Y volvían al tesoro los sueldos de aquellos pobres mártires, cuyos huesos se pudrían en la pampa, o cuyos cuerpos mutilados y deshechos rodaban por ahí, en la miseria y el dolor. Hoy, en aquellos lugares donde tanto hemos sufrido, se levantan ciudades prósperas y ricas; el trigo crece en la pampa exuberante de vicio, abonada con la sangre de tanto pobre milico, y, en cambio, los hijos de éstos no tendrán acaso un rincón donde refugiarse, ni un pedazo de pan con que alimentarse allí mismo, en ese antiguo desierto que sus mayores conquistaron y que otros más felices, o más vivos supieron aprovechar.

Al mes de estar en el regimiento ya era yo un veterano completo. Sabía tomar a lazo un caballo en el corral; colocar admirablemente la carabina en la montura para que no me estorbase en las marchas; y para dormir de pie estando de centinela, era como mandado hacer.

Todos los sábados por la tarde se suspendía el trabajo para dedicarnos al aseo. Íbamos a la laguna y cada cual se lavaba su ropita.

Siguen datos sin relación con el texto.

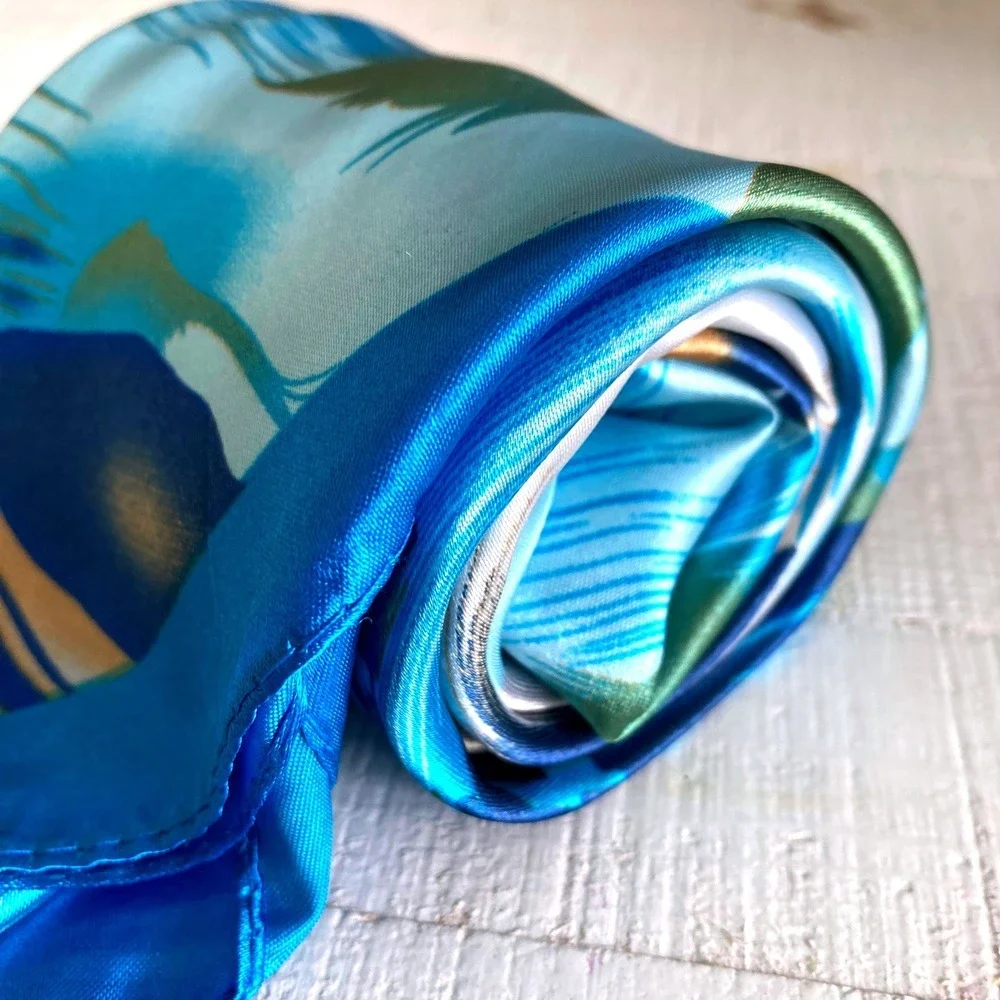 Oversized Square Blue Floral Satin Scarf Head Neck Hair boho Tropical Wrap 💖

Allí aprendí a planchar mis camisas y mis calzoncillos empleando al efecto y en lugar de plancha una botella calentada al sol, y haciendo servir de mesa a la carona de suela. Sufríamos atrozmente, pero éramos felices. El espíritu de compañerismo se había desarrollado prodigiosamente, se conservaba invulnerable, y de un pucho de alegría, pescado por un compañero, participaba todo el regimiento.

Más tarde cuando desapareció el servicio de las fronteras, cuando no hubo más privaciones ni miseria, las cosas cambiaron. Desapareció el compañerismo; se perdieron aquellas buenas y verdaderas amistades que se creaban alrededor del fogón y que la muerte misma no lograba romper en ocasiones; el ejercito evolucionó haciéndose mas científico; y cuando pasado algún tiempo se hizo el estudio comparativo de una época con otra, nos hallamos que entre el ejército del año 70 y el del 90 había una distancia insalvable en ideas, en propósitos y sobre todo en indumentaria.

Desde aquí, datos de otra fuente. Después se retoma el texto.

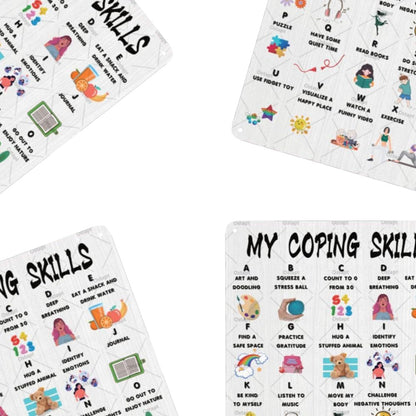 Coping Skills Decor Sign Coping Skills Alphabet School Psychologist Wall Decor Counselling Psychologist CBT Metal Tin Sign Mental Health Wall Art for Counseling Counselor Therapist 8X12 Inch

Mi viejo amigo, el ayudante Conde, de célebre e inolvidable memoria, solía decir:

—Mucho hemos andado en materia de progresos militares. Los de ayer, no somos siquiera prójimos de los de hoy. Nosotros montábamos en recado; estos montan en silla húngara. Nosotros usábamos poncho; éstos usan capotes y pellizas. Y singularmente, la evolución fundamental, se observa en que los viejos llevábamos el bigote con las puntas para abajo y la visera del kepi para arriba, mientras los nuevos doblan las puntas del bigote para arriba y la visera del kepi para abajo.

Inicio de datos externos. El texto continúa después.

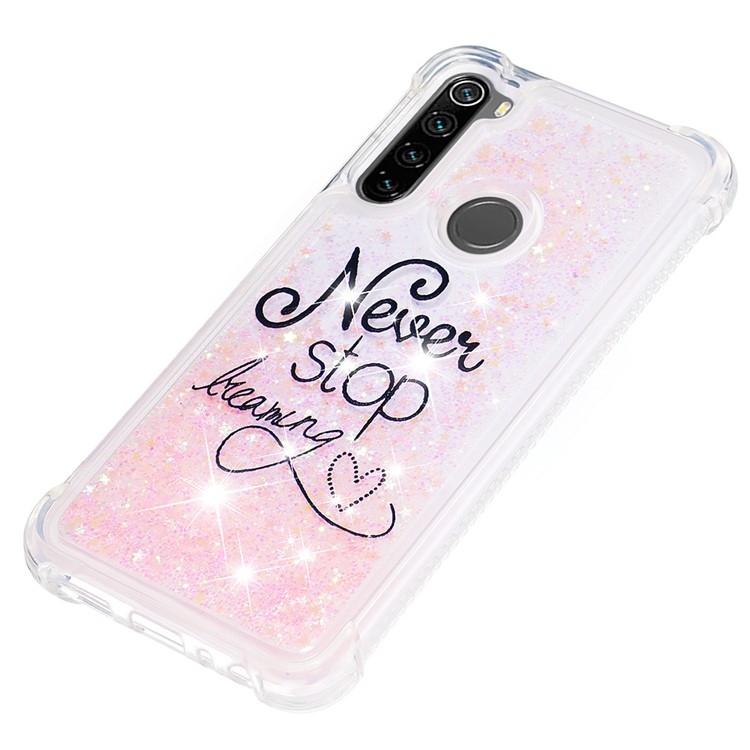 Patterned Quicksand Shockproof TPU Back Case for Xiaomi Redmi Note 8 - Never Stop-6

Y, en parte, tenía mucha razón el viejo Conde. Así empezaron a diferenciarse las dos escuelas: la vieja de la nueva. Primero en el uniforme, después en el uso del bigote. Recuerdo que antes del ó0 se anunciaron grandes y radicales innovaciones en el ejército. Todo sería cambiado; y para demostrar que el cambio iba a ser hasta el hueso, se anunciaba en francés: "de fond en comble". Pasó el tiempo— se dictó una ley de ascensos que, si para algo sirvió, fue para hacer más irritante y alevosa la injusticia; se dieron leyes que nadie pensó en aplicar y el ejército siguió su camino, perdiendo más que ganando en disciplina y en instrucción. ¡La primera reforma efectiva que se introdujo en las leyes y reglamentos del ejército tiene la fecha de 1895! En cambio, desde el ó0 hasta el mismo 95 modificamos el uniforme media docena de veces. El ministro, que deseaba dejar en el ministerio algo más que su retrato, cambiaba la indumentaria. Parece que se pretendía reformar la mentalidad del ejército sustituyendo el saco por la guerrera o el color azul gris por el negro... o el castaño.

Sin embargo —el tiempo, más eficaz y mis enérgico que los hombres— ha impuesto y realizado la evolución. La antigua oficialidad de las fronteras; digna y brillante por su heroísmo y por su abnegación, está reemplazada por esos cuadros que salieron del Colegio Militar llenos de capacidad, anhelosos de saber y perseverantes en la acción.

Alejémonos, pues, de las filas los cansados, los vencidos en la lucha por la vida; y, lejos de estorbar a los que nos reemplazan, brindémosles lo poco que nos queda de energía para que la utilicen, si la necesitan, en el noble y patriótico ideal que persiguen.

Nada es eterno, y todo cambia o muere. No pretendamos oponernos a la acción avasalladora e implacable de los años... Chacun son tour.